The most recent Eels album, End Times, makes me want to hurt myself.
But in a good way.
End Times comes hot on the heels of Hombre Lobo, with only six months separating the two albums, and they couldn’t be any more different. Conceived as a pair, Hombre Lobo is about the blossoming of love between E and his wife, while End Times is about their bitter divorce.
The album shuffles off the glossy production values of earlier Eels albums, and favors a “Band in a Box” sound. Glimpses of the old Eels occasionally shine through, thanks to the return of drummer Butch (Jonathan Norton) after seven long years of estrangement.
It’s easy to call E’s lyrics self-absorbed, if you’re not willing to go along for the ride. He captures the essence of depression, singing “I take small comfort in a dying world, I’m not the only one who’s feeling this pain” in “Gone Man Gone.” Such negativity doesn’t have universal appeal, but it’s perfectly at home on a breakup album for grownups.
It’s odd to hear E speak so personally about his relationship with his ex wife, which was kept almost entirely under wraps until the publishing of his autobiography Things the Grandchildren Should Know in 2008. Prior love songs from the group were written in the third person, and E’s discomfort with the subject reveals itself in some kind-of clunky lyrics.

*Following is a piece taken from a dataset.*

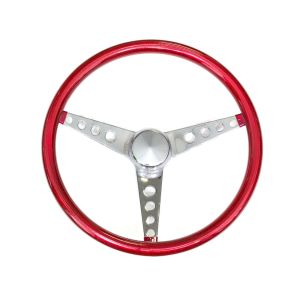 GRANT #8465 Steering Wheel Mtl Flake Red/Spoke Chrm 15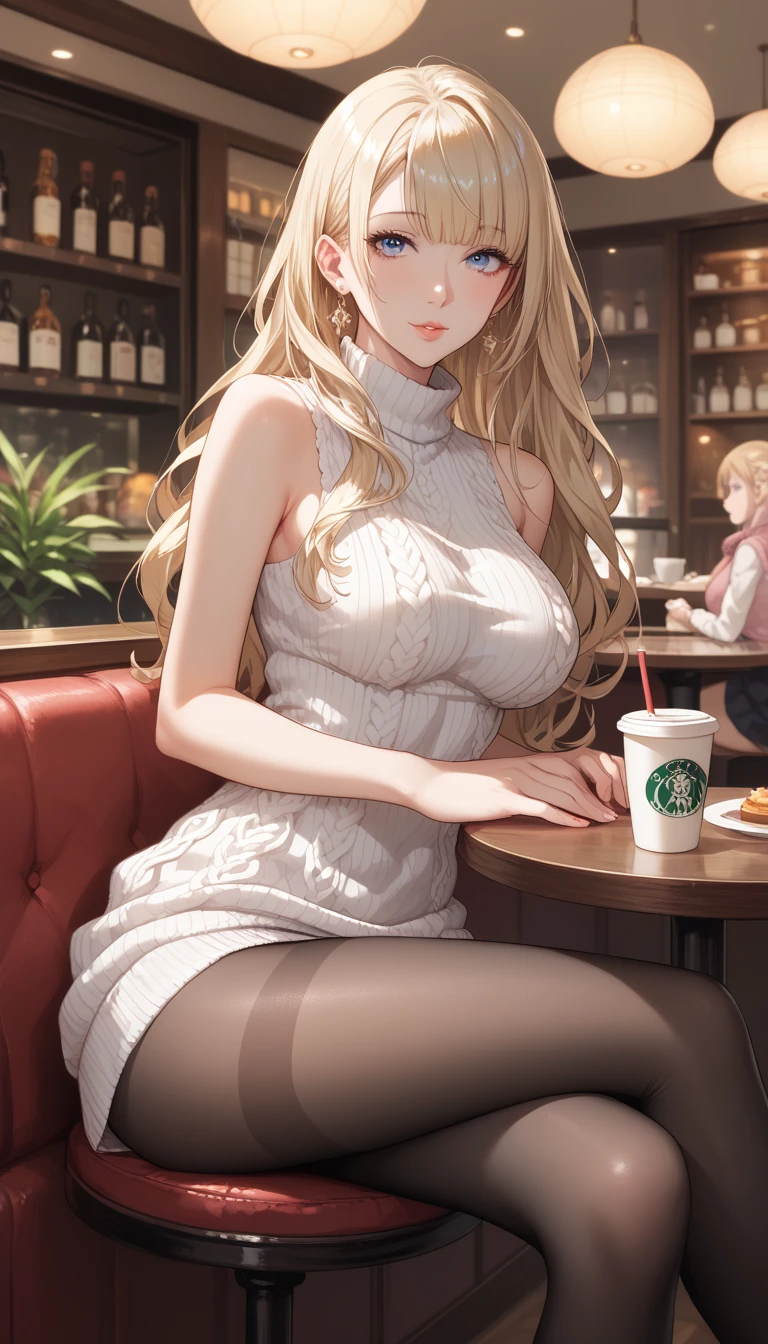 (score_9,score_8_up,score_7_up),1woman,solo,source_anime,mature,big sister,middle age,blonde hair,green eyes,wide hips, large breasts,looking at viewer, sitting on a chair, cafe table, coffee cup, white turtleneck, blue skirt, night time, inside cafe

End Times is varied in its sounds, drifting from frail electric ballads like “End Times” to the raucous rockabilly of “Gone Man Gone” and “Paradise Blues.”
The album has three must-listen tracks, each demonstrating E’s mastery of simple melodies and heartbreaking lyrics.
“A Line in the Dirt” is a piano ballad whose chord structure lifted almost exactly from E’s song “Manchester Girl,” a B-side from 20 years ago. It sets a simple scene of a man making appeals to his wife through a locked bathroom door, as she makes him realize that, in reality, he wants to be alone. A subtle orchestral arrangement of strings and horns swells as he accepts this, and drives off into the dark.
“Mansions of Los Feliz” is the acoustic confessional of a shut-in who’s trying to ignore the outside world and forget his past. The song stumbles when E breaks into a falsetto “la-la” chorus over the bridge, but the rest is A-grade classic Eels.
“Little Bird” is an astoundingly beautiful and frail song. E sings to a bird on his porch, his only friend, about how much he misses his wife. This is accompanied by a soft, clean electric guitar arpeggiating over a nearly-inaudible orchestra. The song hearkens back to the title track of Daisies of the Galaxy, another underrated gem from the band’s library.
End Times isn’t for everyone. It’s more melancholy than prior Eels albums, which is saying quite a bit. It’s easy to miss the beauty of the arrangements, in the face of the ugly words laid over top of them. It’s also easy to miss the arc of the story. Like all Eels albums, it spends a great deal of time wallowing in despair, but eventually it gets a grip and realizes that things might just be okay after all. Hardly triumphant, but it counts for something.